1 9 8 6 – 1 9 9 2 (Australia)
227 x 50 minute episodes
The Australian drama series The Flying Doctors made ordinary soap heroes seem like wimps. This lot saved lives constantly while risking their own. They had the Queen on their side after all – it’s the ROYAL Flying Doctor Service.
The show was set against the backdrop of the awesomely isolated Australian outback and the charms of Coopers Crossing, the sort of small friendly town stuffed with characters that no warm-hearted Australian series can do without. And it’s real too – there are Flying Doctors, just like them. Well, sort of . . .
It began as a one-off mini-series in 1985 and the response in Australia and overseas was so strong that a regular series was launched in April 1986.
In July 1988 it landed in Britain and UK viewers took it to heart as a partner to Neighbours (even if the kitchens weren’t so well equipped).
The main character at the start (and in the mini-series) was Dr Tom Callaghan who had been running the RFDS alone. In the first episode, a second doctor arrived – Chris Randall. She soon proved herself dedicated and capable, but also for the conservative township of Coopers Crossing, decidedly female.
Her gender wasn’t the problem with Dr Frank Turner (who was in charge of the local hospital). He disapproved of all flying physicians, and they had frequent conflicts.
Dr Geoff Standish eventually replaced Callaghan when actor Andrew McFarlane moved to England to work after 16 episodes.
Boyish, down-to-earth nursing sister Kate Wellings was a favourite from the start. The first pilot was flamboyant woman-mad David Gibson. Prickly property tycoon George Baxter was the local man to hiss at.

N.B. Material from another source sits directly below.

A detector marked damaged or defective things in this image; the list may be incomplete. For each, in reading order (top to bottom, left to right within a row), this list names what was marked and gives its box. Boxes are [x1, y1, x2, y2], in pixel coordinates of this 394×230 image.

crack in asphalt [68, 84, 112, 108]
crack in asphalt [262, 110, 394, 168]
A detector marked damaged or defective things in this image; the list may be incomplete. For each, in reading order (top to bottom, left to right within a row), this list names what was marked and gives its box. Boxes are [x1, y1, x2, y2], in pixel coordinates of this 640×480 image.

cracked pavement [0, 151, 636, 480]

Would-be genteel shopkeeper and town gossip, Violet Carnegie was also a great favourite of viewing audiences.
Bellbird star Maurie Fields and his real-life wife Val Jellay established themselves from episode 1 as the public-spirited publicans Vic and Nancy Buckley. Pretty blonde New Zealander Rebecca Gibney arrived after six episodes as garage mechanic Emma Plimpton and took a shine to pilot Sam Patterson as soon as he arrived at the start of the second season.
Other popular characters were Sharon, the Aboriginal receptionist, and the hard-working radio operators, especially Demetris who thought he was a radio DJ, sometimes rather worryingly.

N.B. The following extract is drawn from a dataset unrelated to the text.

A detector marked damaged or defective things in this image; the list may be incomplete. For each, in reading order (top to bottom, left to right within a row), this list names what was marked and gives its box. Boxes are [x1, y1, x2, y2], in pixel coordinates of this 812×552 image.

The Flying Doctors regularly tackled “issues” while providing fast action (such as a mining explosion) but the writers never resorted to anything too far-fetched.
But perhaps the greatest appeal of the series was the large number of fledgeling romances (it was called “sexual tension” in 80s soap-speak), none of which really grew to full strength (that was called “unresolved sexual tension”).
In the case of our heroes, it was the promise of sex (or) because the natural urges of poor Dr Geoff Standing and his feisty nurse, Kate Wellings, were permanently on hold.
But not all the cast were sexually frustrated. Emma the mechanic and Sam the pilot were allowed to fancy each other, fall in love and marry and Dr Randall was allowed to fall for a visiting geologist who became her patient.
The Flying Doctors was Australia’s most expensive television drama at the time, costing around $200,000 an hour-long episode, primarily because it was shot entirely on film.
The small town of Minyip near Horsham, Victoria, became Coopers Crossing for several months and many of the locals were seen as extras in the series.
Falling ratings and departing actors led to a revamp of the show in 1993 when it returned simply as RFDS. Maurie Fields, Sophie Lee and Val Jellay were carried over into the new production, which moved from Coopers Crossing to Broken Hill.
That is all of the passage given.